Evan Vucci / The Associated Press

WASHINGTON — Les partisans de l’Accord de libre-échange nord-américain (ALÉNA) ont poussé un soupir de soulagement, vendredi, en prenant connaissance de commentaires rassurants du président Donald Trump, qui semble moins enclin à se retirer de l’entente commerciale.

Dans une entrevue au «Wall Street Journal», le président a eu à plusieurs reprises des mots plutôt positifs sur l’allure des négociations et sur leurs chances d’aboutir à «une entente raisonnable».

M. Trump a même soutenu qu’un ALÉNA renégocié permettrait de payer la note pour la construction du mur à la frontière mexicaine.
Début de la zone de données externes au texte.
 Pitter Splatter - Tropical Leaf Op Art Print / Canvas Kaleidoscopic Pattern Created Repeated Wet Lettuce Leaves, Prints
Il a aussi admis qu’il était difficile pour le gouvernement mexicain, en pleine année électorale, de participer à de telles négociations.

Le président républicain n’a pas manqué, par ailleurs, de brandir à nouveau la menace d’un retrait américain de l’ALÉNA si Washington ne peut obtenir un meilleur accord.

Mais la ministre canadienne des Affaires étrangères, Chrystia Freeland, préfère s’accrocher aux meilleurs sentiments manifestés par le président au «Wall Street Journal». En arrivant à la réunion du cabinet, vendredi à London, en Ontario, elle a qualifié de «raisonnable» et de «constructive» la patience soudaine de M. Trump.

La ministre Freeland, qui est aussi responsable du commerce avec les États-Unis, a expliqué que le Canada avait toujours soutenu qu’il n’était pas utile de fixer des échéanciers artificiels pour des négociations, comme celui de mettre fin aux rondes de discussions actuelles en mars prochain. Mme Freeland a rappelé que le Canada était tout à fait disposé à poursuivre les négociations le temps qu’il faudra afin de conclure un bon accord.

Dans une entrevue au quotidien «El País», le ministre mexicain de l’Économie, Ildefonso Guajardo, ne croit pas que Washington servira bientôt un préavis de résiliation. Il souhaite par ailleurs la conclusion rapide d’un accord, afin de calmer les marchés.

Certains observateurs remarquent que les efforts des partisans de l’ALÉNA commencent à porter leurs fruits aux États-Unis. Robert Holleyman, ancien représentant adjoint au Commerce pour Barack Obama, et l’avocat Dan Ujczo, spécialisé dans le commerce canado-américain, estiment tous les deux que les efforts de ces groupes de pression commencent à peser dans la balance à Washington — notamment la voix des «États agricoles» qui ont voté pour Donald Trump.

Les fermiers américains doivent déjà composer avec une baisse du prix des denrées, et ils demandent à leur président, par l’entremise des élus au Congrès, de ne pas empirer les choses en menaçant leurs exportations.

Me Ujczo estime maintenant que certains progrès doivent être réalisés lors de la sixième ronde de négociations, du 23 au 28 janvier à Montréal, afin de retenir les élans du président Trump vers la sortie, en se prévalant de l’article 2205 de l’ALÉNA, qui accorde six mois à un pays signataire pour se retirer de l’accord.

L’avocat estime que cet article est moins une stratégie de négociations qu’une boîte de Pandore, qui pourrait perturber les marchés et accentuer le risque d’une réelle rupture de l’ALÉNA — ce que ne souhaite pas au fond le président Trump, selon lui.